Most of these thoughts had come and gone before we got to Times Square but returned for more focused consideration during my walks in the snow far away from the city in my little New England town. New York always stresses me but I usually learn something and enjoy talking about it from the safety of my small town, population 4,397. It must now be 4,399, since my wife and I arrived. Things are changing everywhere.
Only 52 Days Till The Home Opener. How Long Till the Snow Is Gone?
Today as you read these notes the Red Sox pitchers and catchers are having their first official team workouts in Fort Myers! You can see the entire Grapefruit League schedule for the Sox at:
By the time the Sox come to town for their first game against the Washington Nationals on the 13th of April they will have already worked their way up the coast playing the Phillies and the Yankees during the previous week. I guess the big question is whether the snow will be gone when they arrive home.

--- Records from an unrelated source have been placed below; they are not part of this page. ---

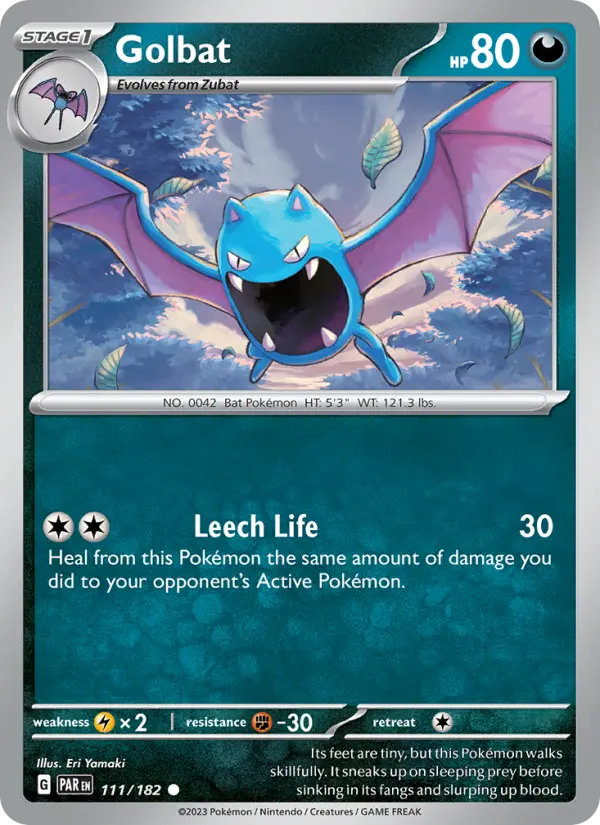 Golbat, Normal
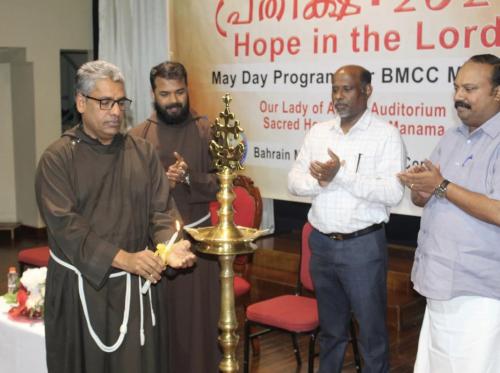 ബഹ്റിൻ മലയാളീ കത്തോലിക്ക സമൂഹത്തിന്റെ 'പ്രതീക്ഷ' ശ്രദ്ധേയമായി ബഹ്റിൻ മലയാളീ കത്തോലിക്ക സമൂഹത്തിന്റെ 'പ്രതീക്ഷ' ശ്രദ്ധേയമായി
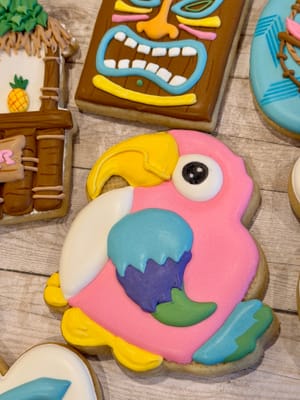 All photos — custom decorated cookies by Dreams of Buttercream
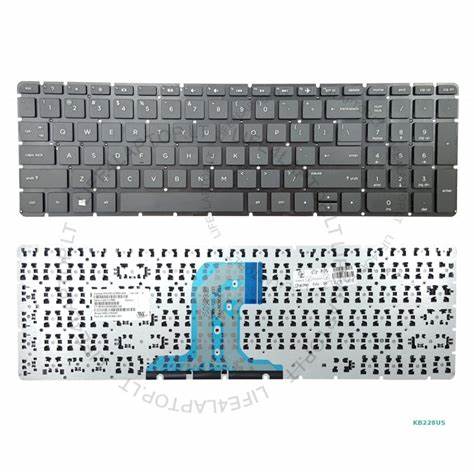 CLAVIER HP 15-AC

I am beginning to have spring thoughts. As I was jogging along by the lake in a snow squall, looking out over the ice at a small ice fishing shack parked over a part of the lake where I have caught a lot of fish, I started thinking about “ice out”. It was mid April last year; mid March the year before. No year is the same as the one before. I am hoping for a reversal of fortunes from current experience and would love to be surprised by an improbable March ice out. Why can’t it be just as unusually hot in March as it has been unusually cold in February? They say global warming is about unexpected wide swings in temperature. Anything can happen and probably will. If you take your walks this weekend in cold weather, just keep thinking that it is only a month until spring. You, like James Michael Curley, can bet on the fact that the ice and snow will eventually melt, just as surely as the Sox will return from Florida about that time.